W3C home > Mailing lists > Public > www-patentpolicy-comment@w3.org > October 2001

Advice from a Modem War Survivor

From: chuck weinberger <chuckhw@pacbell.net>
Date: Fri, 05 Oct 2001 20:38:11 -0700
To: www-patentpolicy-comment@w3.org
Message-id: <000301c14e18$53280d80$9321c93f@officecomputer>
I am new to this board and to the debate regarding the W3C PPF Working
Draft.  I freely admit that I have not read the draft, nor have I
participated in any W3C activity in the past.  I have, however, had
extensive experience with the RAND model in the world of ITU standards, and
I can tell you for a fact that a RAND model (I) slows down the pace of
adoption of new standards and (II) makes it extremely difficult for small
companies to compete with established (read, large) technology companies.
In this posting I will give you examples of how RAND models are abused and
one suggestion to minimize that abuse.

As most of you know, the ITU-T establishes modem communications standards,
including V.32, V.34, V.90, etc.  The ITU-T follows a RAND licensing policy.
See http://www.itu.int/ITU-T/dbase/patent/index.html for more details on the
ITU-T's policy and a database of all of the companies that believe they have
patents on various components of the ITU-T's standards.  The ITU-T's RAND
policy has resulted in problems both prior to the adoption of a standard and
post adoption.

The problems that occur prior to the adoption of a new standard are
motivated by the politics of back room negotiations and by posturing.
Committee meetings are secondary to the back room meetings of the companies
that have made proposals for the standard.  Companies will attempt to
solicit allies by offering their backing on other components of the standard
or via other stimulus.  For example, during the V.34 adoption proceedings
Motorola allegedly offered to license its patents for a de minimus amount.
Once the V.34 standard was adopted Moto turned course and attempted to
charge a several dollar royalty for its patents.  Moto's actions took center
stage in the law suits Motorola v. Rockwell and Motorola v. U.S.
Robitics/3Com.  More often, however, is the situation where a company will
simply say to another company, if you support my proposal for this component
of the standard I will support your proposal for that component.  These
companies often have "technology lobbyists" on their payroll so to represent
the company's interest in the process.

The posturing from the various ITU member companies can be quit funny.
Companies will stop at no ends just to submit a proposal for a standard.
This is because they want to sign the ITU patent policy disclosure statement
and be included on the ITU's list of possible patent holders - "possible"
being the key word.  Just being on the list increases a company's argument
that it has patents that are necessary to implement the standard.  This is
true even though the company's proposal might not have included patented
subject matter in the first place, much less, been incorporated into the
final standard.  As a result, engineers waste time writing up proposals that
are never going to go anywhere and committee participants waste time
reviewing those proposals.  Still, being on the ITU's list of contributors
is often enough to push a company to take an aggressive patent stance by
sending out royalty demand letters.  Almost none of these letters lead to
the actual receipt of royalties; again, most simply reflect posturing.  But
they do result in lost time, both by engineers who have to review patent
applications and by business people who have to analyze the risks.

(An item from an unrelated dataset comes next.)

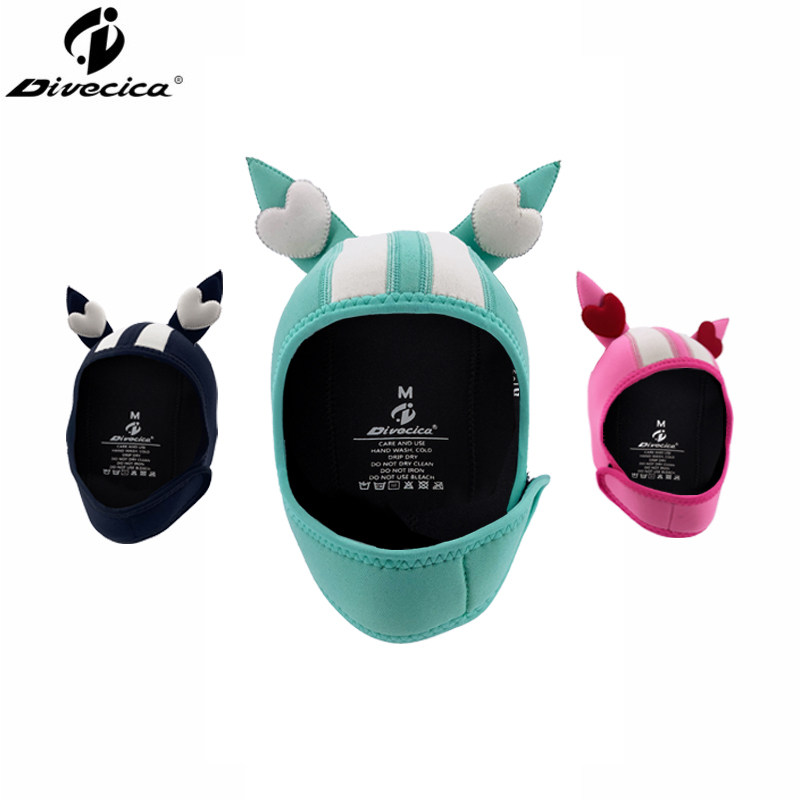 Divecica recommends cute cartoon diving headgear with heart customized diving cap with heart Personalized customization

The end result of the politicking and posturing is that (I) there are
significant delays and in-fighting between competing alliances, (II)
standards often incorporate politically convenient solutions rather than the
most technically savvy solution to the problem and (III) smaller companies
are placed at a disadvantage because they rarely have as much to offer in
any technology alliance and because their posturing does not result in the
same fear as the identical posturing of a billion dollar company.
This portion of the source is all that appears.